Çünkü enerji tedariki, enerji arz güvenliği yaşamsal bir konu. İşin ekonomik boyutu yanında, siyasetle, diplomasiyle, ulusal güvenlikle ilgili boyutları var. Fabrikaların çalışması, yurttaşların ısınması, ulaşımın sürekliliği, sağlık hizmetleri başta olmak üzere yüzlerce kamusal hizmetin devamlılığı ve daha birçok konu, doğrudan enerjiyle ilgili, enerjiye bağımlı.  

Biliyoruz, Türkiye’nin; petrol ve doğalgazda dışa bağımlılığı yüzde 95’i geçiyor. Bu yapısal bir sorun. Peki, yerli kömür kaynaklarımızı yeterince verimli şekilde kullanabiliyor muyuz? Hayır. Rüzgâr ve güneş başta olmak üzere, yenilenebilir enerji kaynaklarında, atılması gereken adımları hızla atabiliyor muyuz?

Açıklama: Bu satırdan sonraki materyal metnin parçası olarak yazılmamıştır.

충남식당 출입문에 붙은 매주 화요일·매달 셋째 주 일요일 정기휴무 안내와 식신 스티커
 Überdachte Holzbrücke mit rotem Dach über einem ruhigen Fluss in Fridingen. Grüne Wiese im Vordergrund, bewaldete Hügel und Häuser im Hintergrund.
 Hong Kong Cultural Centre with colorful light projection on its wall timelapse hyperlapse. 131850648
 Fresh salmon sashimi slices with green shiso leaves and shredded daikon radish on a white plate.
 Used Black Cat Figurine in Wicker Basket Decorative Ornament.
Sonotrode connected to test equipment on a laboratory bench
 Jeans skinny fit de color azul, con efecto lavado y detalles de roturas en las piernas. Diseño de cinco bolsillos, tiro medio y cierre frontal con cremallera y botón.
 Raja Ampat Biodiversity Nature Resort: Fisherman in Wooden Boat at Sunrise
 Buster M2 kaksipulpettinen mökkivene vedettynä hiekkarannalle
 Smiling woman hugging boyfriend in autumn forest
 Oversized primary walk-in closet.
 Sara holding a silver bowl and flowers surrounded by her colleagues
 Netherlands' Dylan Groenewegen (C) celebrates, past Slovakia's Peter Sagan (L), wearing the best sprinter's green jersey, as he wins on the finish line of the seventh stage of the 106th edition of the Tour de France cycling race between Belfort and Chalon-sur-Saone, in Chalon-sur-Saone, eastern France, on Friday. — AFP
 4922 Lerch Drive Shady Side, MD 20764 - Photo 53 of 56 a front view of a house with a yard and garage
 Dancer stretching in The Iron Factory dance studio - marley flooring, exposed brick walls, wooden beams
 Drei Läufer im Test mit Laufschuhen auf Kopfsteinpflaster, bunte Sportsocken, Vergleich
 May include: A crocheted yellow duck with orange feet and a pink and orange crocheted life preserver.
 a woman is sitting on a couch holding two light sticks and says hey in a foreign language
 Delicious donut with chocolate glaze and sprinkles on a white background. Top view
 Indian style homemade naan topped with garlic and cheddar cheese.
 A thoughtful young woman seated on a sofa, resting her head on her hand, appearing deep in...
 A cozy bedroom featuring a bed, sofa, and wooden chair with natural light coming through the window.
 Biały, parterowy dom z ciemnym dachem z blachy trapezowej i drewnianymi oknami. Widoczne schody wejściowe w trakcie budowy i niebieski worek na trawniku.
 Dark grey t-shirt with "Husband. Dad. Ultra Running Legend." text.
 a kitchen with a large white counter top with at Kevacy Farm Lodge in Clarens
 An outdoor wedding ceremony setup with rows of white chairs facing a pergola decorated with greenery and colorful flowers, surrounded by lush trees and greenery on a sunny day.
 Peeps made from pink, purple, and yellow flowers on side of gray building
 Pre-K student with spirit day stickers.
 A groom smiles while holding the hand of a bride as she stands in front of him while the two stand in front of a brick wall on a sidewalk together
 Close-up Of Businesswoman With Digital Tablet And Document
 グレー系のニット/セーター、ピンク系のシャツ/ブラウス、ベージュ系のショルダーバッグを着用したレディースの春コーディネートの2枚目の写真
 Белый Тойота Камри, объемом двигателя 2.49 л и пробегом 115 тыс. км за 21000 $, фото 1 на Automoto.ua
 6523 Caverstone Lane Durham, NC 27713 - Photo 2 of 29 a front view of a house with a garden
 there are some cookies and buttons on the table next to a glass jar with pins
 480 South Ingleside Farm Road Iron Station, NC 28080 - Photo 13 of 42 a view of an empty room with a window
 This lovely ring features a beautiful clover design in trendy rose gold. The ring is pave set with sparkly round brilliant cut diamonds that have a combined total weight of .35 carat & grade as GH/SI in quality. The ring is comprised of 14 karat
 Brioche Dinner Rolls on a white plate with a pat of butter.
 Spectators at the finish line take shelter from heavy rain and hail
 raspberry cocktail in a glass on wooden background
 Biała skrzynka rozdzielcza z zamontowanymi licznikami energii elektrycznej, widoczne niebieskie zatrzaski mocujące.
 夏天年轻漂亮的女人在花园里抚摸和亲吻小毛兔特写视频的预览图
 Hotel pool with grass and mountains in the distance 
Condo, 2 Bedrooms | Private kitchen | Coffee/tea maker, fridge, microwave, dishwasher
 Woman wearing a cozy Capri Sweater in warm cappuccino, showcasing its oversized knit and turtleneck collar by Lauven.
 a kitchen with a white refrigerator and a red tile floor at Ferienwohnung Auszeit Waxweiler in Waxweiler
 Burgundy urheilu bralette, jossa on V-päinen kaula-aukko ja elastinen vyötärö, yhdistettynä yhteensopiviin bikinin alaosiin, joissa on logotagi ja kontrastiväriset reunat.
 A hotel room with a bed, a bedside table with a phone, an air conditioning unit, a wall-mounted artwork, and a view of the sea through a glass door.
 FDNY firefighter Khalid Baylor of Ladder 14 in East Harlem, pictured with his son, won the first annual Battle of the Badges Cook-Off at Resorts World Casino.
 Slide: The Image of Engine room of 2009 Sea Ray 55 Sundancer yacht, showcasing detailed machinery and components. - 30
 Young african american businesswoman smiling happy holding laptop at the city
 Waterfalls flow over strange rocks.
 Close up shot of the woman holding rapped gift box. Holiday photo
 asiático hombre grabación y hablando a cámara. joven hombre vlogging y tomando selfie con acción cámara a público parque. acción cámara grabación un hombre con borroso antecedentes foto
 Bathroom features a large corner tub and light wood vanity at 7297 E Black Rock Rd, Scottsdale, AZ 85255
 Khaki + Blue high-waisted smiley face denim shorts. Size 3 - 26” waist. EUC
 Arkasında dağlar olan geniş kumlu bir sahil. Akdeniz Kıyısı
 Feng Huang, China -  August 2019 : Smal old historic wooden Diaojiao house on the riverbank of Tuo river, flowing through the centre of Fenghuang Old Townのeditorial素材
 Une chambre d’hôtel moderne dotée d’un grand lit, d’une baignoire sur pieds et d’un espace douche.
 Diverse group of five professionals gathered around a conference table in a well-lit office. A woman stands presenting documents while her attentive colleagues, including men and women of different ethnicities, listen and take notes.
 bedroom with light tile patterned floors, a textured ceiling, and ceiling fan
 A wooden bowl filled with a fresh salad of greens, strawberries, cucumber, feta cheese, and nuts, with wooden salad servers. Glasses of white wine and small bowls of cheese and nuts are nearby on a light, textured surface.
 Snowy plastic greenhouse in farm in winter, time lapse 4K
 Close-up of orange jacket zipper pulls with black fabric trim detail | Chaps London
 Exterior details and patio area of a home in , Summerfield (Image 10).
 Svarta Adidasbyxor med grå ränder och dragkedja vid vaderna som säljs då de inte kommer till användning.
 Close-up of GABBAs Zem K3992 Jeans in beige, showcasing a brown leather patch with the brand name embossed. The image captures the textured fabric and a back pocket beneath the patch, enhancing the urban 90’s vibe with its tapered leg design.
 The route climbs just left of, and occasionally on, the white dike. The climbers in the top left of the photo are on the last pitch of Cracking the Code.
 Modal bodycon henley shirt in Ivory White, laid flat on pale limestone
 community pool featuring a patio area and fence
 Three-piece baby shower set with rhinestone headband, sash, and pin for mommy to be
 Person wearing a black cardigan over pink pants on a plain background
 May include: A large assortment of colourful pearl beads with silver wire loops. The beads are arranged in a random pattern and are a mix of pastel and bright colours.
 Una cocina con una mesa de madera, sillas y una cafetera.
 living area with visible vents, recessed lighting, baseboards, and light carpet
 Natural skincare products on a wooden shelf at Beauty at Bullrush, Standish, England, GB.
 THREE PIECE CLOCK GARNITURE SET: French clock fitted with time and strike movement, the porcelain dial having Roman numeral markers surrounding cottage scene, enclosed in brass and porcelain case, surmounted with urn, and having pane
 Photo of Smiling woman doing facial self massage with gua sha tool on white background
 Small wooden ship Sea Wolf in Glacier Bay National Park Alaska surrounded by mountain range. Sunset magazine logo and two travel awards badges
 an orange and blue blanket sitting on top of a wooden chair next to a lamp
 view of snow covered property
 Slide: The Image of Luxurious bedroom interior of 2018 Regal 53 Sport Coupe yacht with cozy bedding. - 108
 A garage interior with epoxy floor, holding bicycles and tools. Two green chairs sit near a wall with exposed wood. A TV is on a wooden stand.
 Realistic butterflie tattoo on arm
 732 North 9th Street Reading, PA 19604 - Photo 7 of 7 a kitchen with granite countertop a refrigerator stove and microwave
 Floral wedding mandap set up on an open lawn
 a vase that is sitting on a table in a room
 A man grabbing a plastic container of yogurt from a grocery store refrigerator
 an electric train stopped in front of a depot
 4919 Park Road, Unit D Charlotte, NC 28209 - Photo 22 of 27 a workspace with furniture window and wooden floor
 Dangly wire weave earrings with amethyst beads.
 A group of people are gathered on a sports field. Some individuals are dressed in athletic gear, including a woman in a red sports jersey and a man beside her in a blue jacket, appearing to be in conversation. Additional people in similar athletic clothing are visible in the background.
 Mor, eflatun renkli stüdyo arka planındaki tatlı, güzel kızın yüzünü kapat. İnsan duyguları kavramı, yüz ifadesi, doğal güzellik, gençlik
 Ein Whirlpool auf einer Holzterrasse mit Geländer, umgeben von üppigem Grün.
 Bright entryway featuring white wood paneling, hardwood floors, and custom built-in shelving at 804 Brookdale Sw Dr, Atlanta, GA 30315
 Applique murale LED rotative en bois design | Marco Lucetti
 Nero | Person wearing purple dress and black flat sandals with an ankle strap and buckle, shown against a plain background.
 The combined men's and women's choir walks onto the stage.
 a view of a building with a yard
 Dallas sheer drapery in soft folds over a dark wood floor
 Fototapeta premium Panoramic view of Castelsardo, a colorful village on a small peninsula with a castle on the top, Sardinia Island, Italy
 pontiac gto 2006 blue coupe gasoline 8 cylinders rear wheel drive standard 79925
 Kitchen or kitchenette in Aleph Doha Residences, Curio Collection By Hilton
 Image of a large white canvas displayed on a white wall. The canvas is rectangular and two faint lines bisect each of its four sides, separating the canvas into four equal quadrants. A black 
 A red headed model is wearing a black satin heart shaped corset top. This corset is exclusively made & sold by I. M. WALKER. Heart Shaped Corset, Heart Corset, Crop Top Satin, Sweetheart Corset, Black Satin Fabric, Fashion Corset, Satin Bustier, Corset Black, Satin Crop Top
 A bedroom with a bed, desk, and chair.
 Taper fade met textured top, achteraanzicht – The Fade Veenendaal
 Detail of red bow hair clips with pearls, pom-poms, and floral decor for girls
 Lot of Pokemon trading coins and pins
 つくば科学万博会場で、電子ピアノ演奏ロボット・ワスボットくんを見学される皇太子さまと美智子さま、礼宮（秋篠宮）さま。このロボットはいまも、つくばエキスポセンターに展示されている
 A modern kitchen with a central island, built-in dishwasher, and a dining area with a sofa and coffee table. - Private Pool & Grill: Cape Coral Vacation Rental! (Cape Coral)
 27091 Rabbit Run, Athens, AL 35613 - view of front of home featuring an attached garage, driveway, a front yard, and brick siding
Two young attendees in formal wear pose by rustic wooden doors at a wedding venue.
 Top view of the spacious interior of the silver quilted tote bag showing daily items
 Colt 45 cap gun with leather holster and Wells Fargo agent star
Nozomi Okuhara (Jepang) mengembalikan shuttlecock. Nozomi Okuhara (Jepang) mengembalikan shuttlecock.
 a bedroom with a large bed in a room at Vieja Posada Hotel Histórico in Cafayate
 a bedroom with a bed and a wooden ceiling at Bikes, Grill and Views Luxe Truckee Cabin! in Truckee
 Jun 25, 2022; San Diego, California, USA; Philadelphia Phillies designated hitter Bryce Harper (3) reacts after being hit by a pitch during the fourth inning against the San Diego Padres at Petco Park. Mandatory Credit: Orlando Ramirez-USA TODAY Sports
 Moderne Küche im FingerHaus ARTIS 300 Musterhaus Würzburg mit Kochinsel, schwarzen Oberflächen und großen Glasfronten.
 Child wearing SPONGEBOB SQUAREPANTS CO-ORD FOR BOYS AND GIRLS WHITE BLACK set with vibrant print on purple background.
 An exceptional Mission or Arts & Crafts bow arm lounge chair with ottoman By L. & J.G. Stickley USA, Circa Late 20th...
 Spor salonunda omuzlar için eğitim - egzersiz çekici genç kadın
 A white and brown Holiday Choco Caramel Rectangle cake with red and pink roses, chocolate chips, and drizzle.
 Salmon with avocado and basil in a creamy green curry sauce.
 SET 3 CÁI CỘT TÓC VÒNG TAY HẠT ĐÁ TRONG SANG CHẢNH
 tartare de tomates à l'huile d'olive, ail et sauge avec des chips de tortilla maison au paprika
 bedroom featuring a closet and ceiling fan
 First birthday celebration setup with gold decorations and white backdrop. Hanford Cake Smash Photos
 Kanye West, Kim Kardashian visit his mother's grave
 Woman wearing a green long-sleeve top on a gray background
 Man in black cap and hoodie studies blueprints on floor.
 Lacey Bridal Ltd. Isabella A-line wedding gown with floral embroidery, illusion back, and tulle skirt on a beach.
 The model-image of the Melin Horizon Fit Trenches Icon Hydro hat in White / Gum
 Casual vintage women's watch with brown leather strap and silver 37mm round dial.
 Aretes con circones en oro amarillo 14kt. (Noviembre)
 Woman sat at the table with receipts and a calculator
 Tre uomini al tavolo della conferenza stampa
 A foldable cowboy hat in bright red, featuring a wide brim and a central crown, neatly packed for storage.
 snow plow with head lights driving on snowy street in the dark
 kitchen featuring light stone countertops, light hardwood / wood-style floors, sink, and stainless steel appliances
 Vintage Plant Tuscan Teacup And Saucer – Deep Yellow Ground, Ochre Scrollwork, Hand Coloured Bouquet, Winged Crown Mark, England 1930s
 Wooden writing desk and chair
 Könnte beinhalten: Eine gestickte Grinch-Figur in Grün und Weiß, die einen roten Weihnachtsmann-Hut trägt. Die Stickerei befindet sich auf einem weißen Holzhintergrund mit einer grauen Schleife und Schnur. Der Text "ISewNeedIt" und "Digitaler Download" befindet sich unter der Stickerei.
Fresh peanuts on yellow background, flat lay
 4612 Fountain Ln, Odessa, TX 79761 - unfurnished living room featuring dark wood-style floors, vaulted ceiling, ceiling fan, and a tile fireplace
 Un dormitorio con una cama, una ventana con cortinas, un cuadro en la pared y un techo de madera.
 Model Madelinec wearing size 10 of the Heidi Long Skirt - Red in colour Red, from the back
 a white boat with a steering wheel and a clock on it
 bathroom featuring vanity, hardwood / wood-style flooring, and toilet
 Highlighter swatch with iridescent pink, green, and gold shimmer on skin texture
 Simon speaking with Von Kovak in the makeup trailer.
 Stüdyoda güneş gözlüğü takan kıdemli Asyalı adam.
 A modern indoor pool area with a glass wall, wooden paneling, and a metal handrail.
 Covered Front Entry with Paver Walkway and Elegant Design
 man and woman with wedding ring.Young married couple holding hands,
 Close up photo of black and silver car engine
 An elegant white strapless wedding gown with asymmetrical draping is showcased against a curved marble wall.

Hayır. Enerjinin güvenli, hızlı, kesintisiz, ucuz şekilde temin edilmesi için, sözde değil özde ulusal bir enerji politikamız var mı? Hayır. Bırakınız farklı iktidarların, farklı partilerin enerji politikaları arasındaki farkı, aynı partinin değişik dönemlerde izlediği enerji politikaları arasında bile büyük fark var. Gelen bakan, giden bakanı beğenmiyor.  

ENERJİDE BAĞIMLILIK NELERE YOL AÇAR?  

Türkiye; doğalgazda büyük ölçüde Rusya’ya bağımlı. Mersin Akkuyu’da yapımı süren ilk nükleer santral, Rusların imzasını taşıyor. Rusya, petrol tedarikçilerimiz arasında da ilk beş içinde. Yani, Rusya; Türkiye’nin enerji politikalarında etkili. Kaldı ki enerji sektörü; politik sorunlardan, ekonomik buhranlardan, jeopolitik gerilimlerden, diplomatik gerginliklerden hemen, doğrudan, kolay etkileniyor. Örneğin küresel ekonomik bunalım yaşanınca, Ortadoğu’da tansiyon yükselince, salgın hastalık dünyayı sarınca, enerji sektöründe hemen yansımaları oluyor. Türkiye’nin çevresindeki sorunlar, sıcak çatışmalar, iç savaşlar, hemen enerji tedarikine, enerji fiyatlarına yansıyor.  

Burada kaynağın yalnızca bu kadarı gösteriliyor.